The outbreak also provided an opportunity to test drive and benchmark the range of competing sequencing technologies and associated bioinformatics pipelines. In fact, this strain has probably been sequenced on more platforms than any other organism, although curiously, among this flurry of draft genomes, we still have no finished genome. There is no simple path from genome sequence to an understanding of virulence or transmissibility. For example, in this outbreak, the genome sequence revealed a list of potential adhesins, but proving their roles, if any, in adhesion to foodstuffs or to the human gut will require months or years of detailed investigation in the laboratory.

One last promising application of whole-genome sequencing—its combination with epidemiological and geographical data to track the evolution of strains in outbreaks—hasn't figured in the O104:H4 outbreak.

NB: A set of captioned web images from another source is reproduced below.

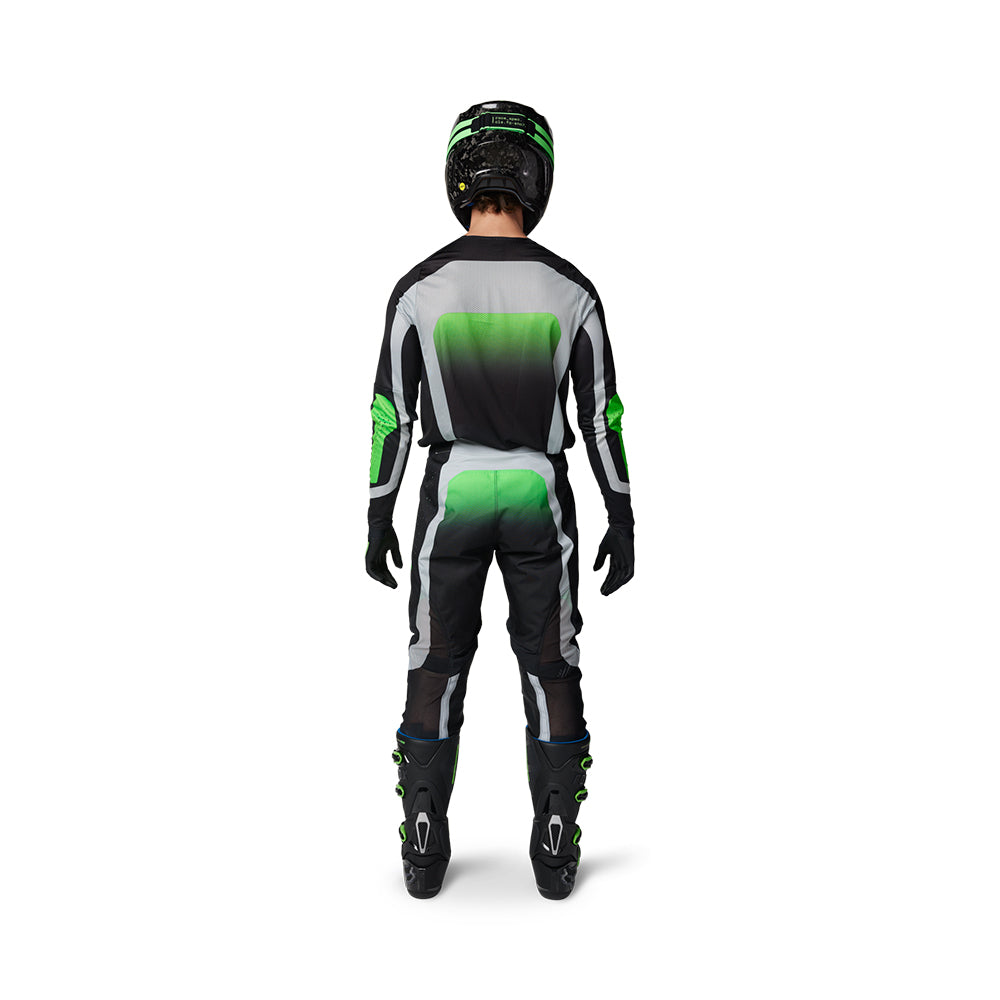 360 50th Limited Edition Pants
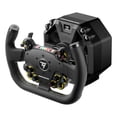 thumbnail image 3 of Volante de carreras Thrustmaster Evo 31 cm Leather para Xbox y PC, 3 of 8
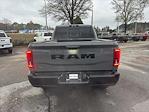 New 2026 Ram 2500 Power Wagon Crew Cab for sale #T88043 - photo 6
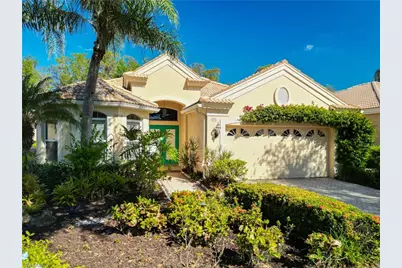 9190 Troon Lakes Dr, Naples, FL 34109 - Photo 2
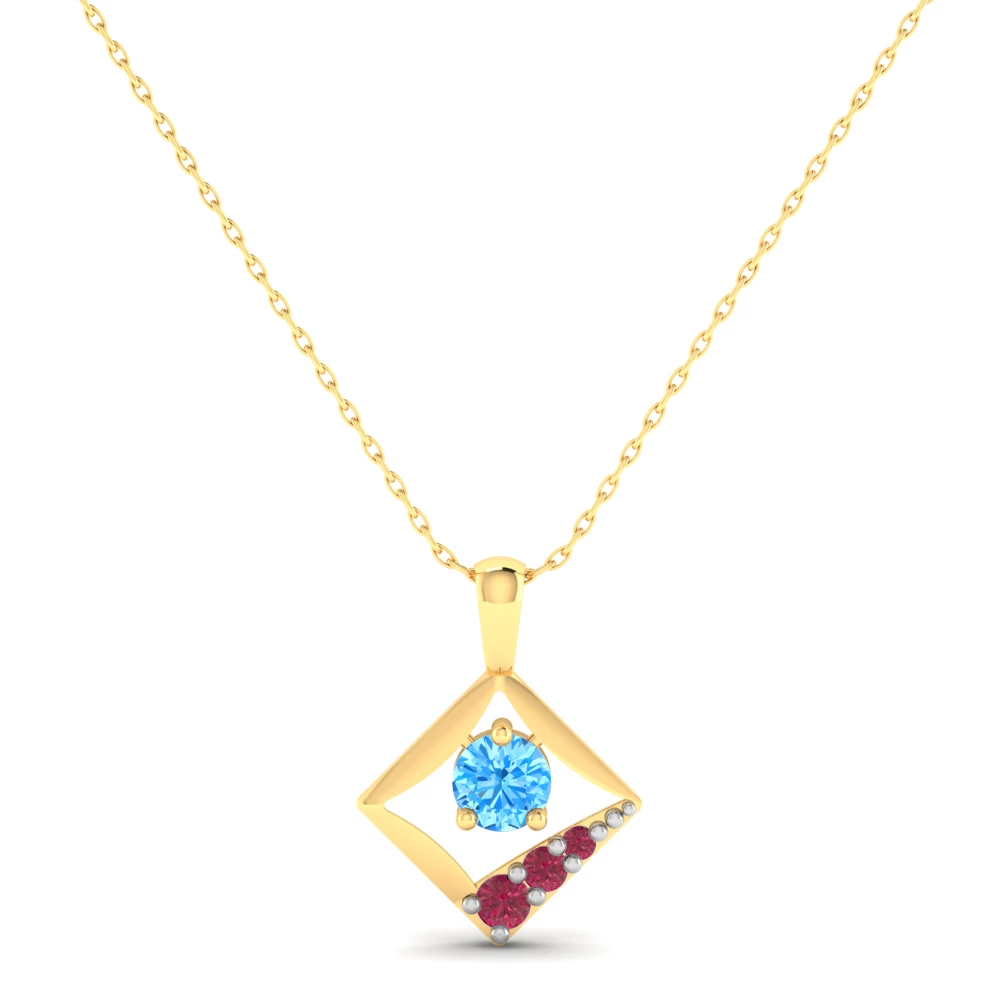 Gold_Aquamarine_Ruby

High-quality sequence is needed to detect true variants for genomic epidemiology but next-generation sequencers currently introduce too many errors into draft sequences—at rates as high as 1 in 100,000 bases—to make real variation distinguishable from base-call errors, at least without confirmation by Sanger sequencing. Even so, it is clear from previous work on outbreaks of Mycobacterium tuberculosis, Staphylococcus aureus, Salmonella enterica and streptococci that whole-genome sequence variants will be a powerful new adjunct to MLST data in epidemiological studies.

Thus, the E. coli outbreak provides an encouraging precedent for the application of open-source genome analyses to future outbreaks, particularly those caused by pathogens where there is no existing diagnostic or typing scheme in place. Here, the open-ended nature of genome sequencing might even allow the discovery of 'unknown unknowns' (that is, previously unsuspected pathogens or virulence determinants or resistance factors). Although genomics may not prevent the next outbreak, it is set to transform our ability to understand the origins, nature and spread of the next emerging pathogen. Knowledge is power. Vorsprung durch Technik!